Pictures are to be omitted, and every entry below is to be restated exactly.

Short descriptive text snippets
►

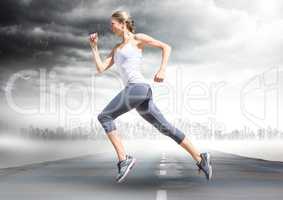 Female runner going across road with skyline and storm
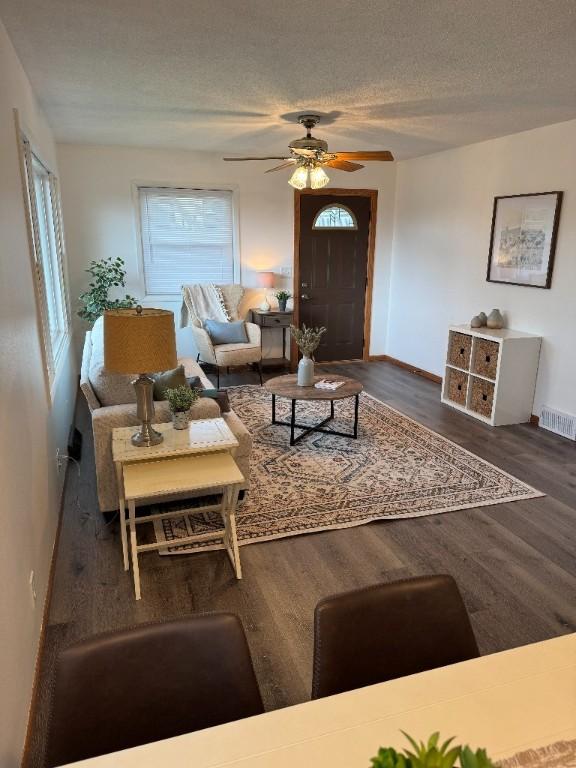 3105 Wilson Ave SW, Cedar Rapids, IA 52404 - living area with a ceiling fan, wood finished floors, baseboards, and a textured ceiling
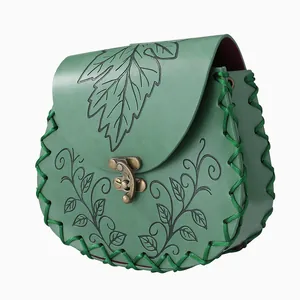 Detailed macro view of a green steampunk cosplay leather pouch with leaf engraving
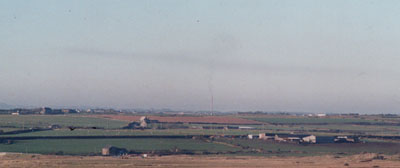 In unusual weather  on 13 January 2001 smoke from the 400ft stack (near centre of photo) at Anglesey Aluminium lingering over NW Anglesey. Photo: © 2001 D. Perkins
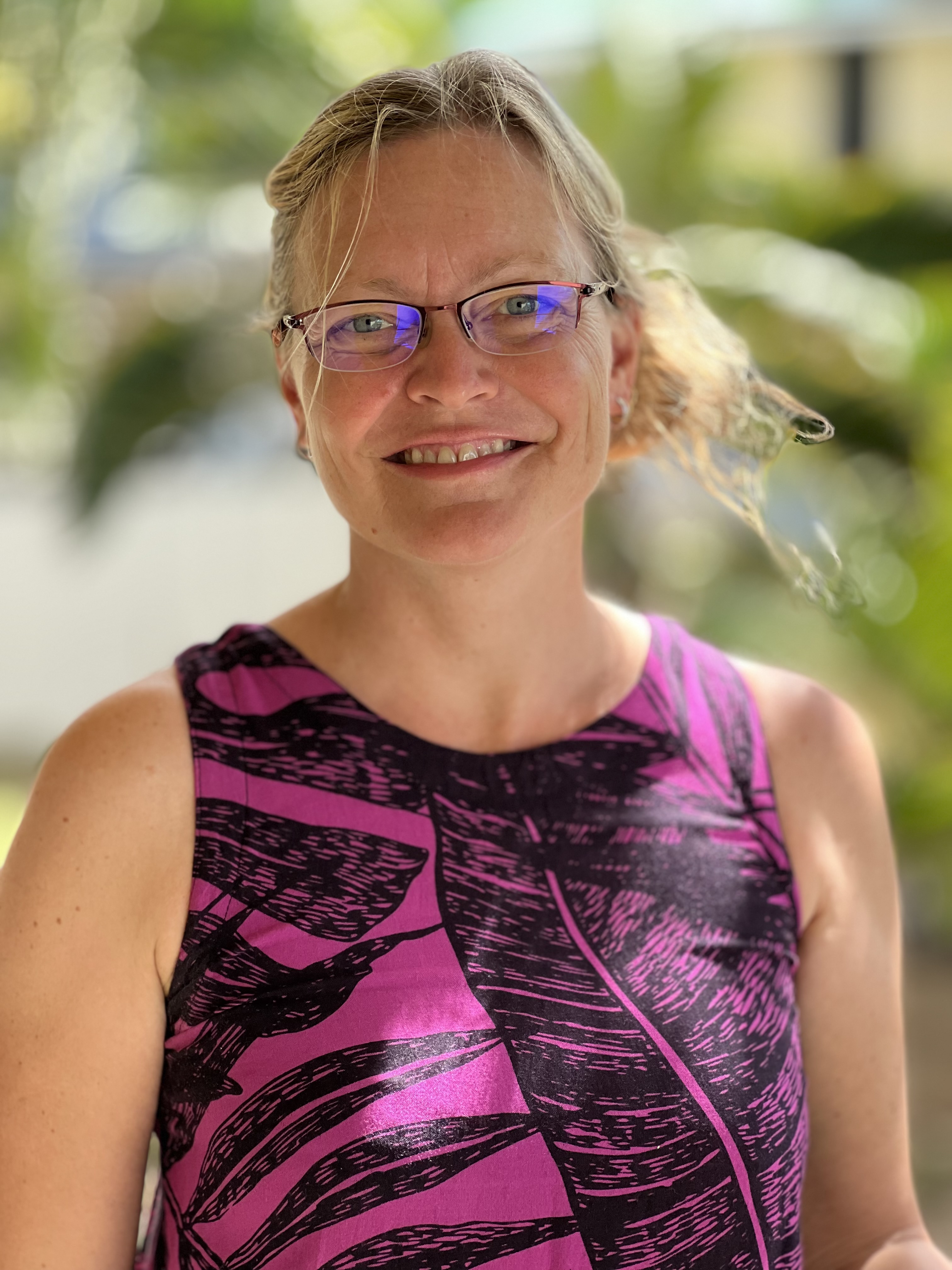 Sophie, an experienced and friendly therapist on our clinical team, smiles in a tropical setting.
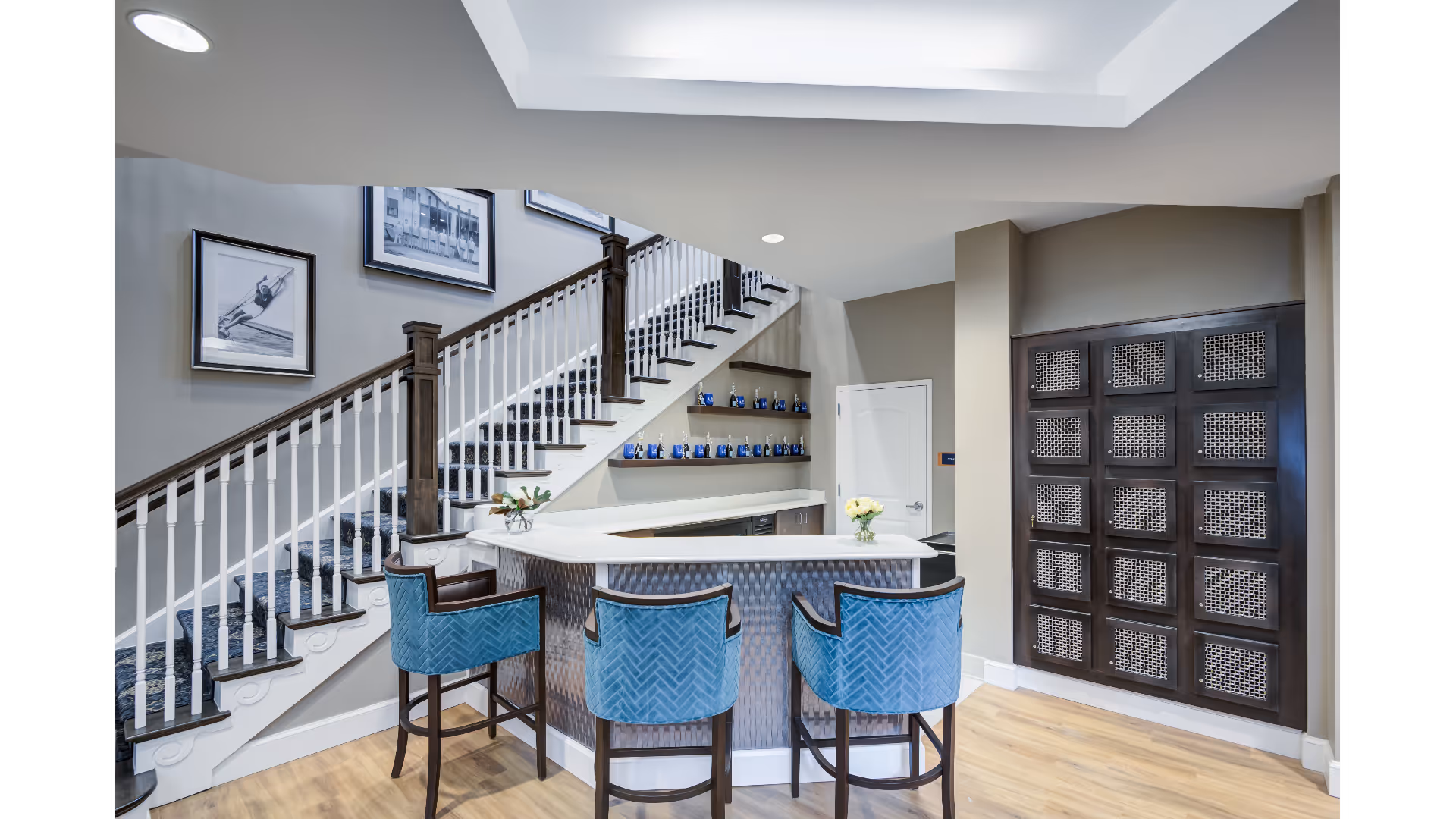 Interior lounge with a curved white bar, three blue barstools, and a staircase with framed artwork along the wall.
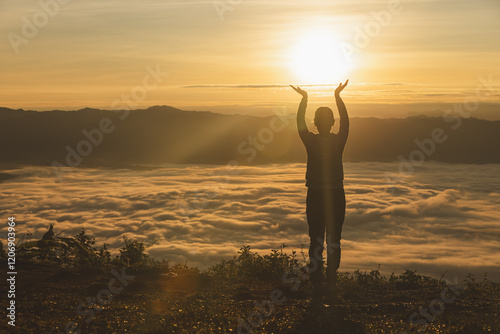 Silhouette of Religious young woman praying to God in the morning, spirtuality and religion,  Christians and Bible study concept.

◄

### Expected answer
 Female runner going across road with skyline and storm
 3105 Wilson Ave SW, Cedar Rapids, IA 52404 - living area with a ceiling fan, wood finished floors, baseboards, and a textured ceiling
 Detailed macro view of a green steampunk cosplay leather pouch with leaf engraving
 In unusual weather  on 13 January 2001 smoke from the 400ft stack (near centre of photo) at Anglesey Aluminium lingering over NW Anglesey. Photo: © 2001 D. Perkins
 Sophie, an experienced and friendly therapist on our clinical team, smiles in a tropical setting.
 Interior lounge with a curved white bar, three blue barstools, and a staircase with framed artwork along the wall.
 Silhouette of Religious young woman praying to God in the morning, spirtuality and religion,  Christians and Bible study concept.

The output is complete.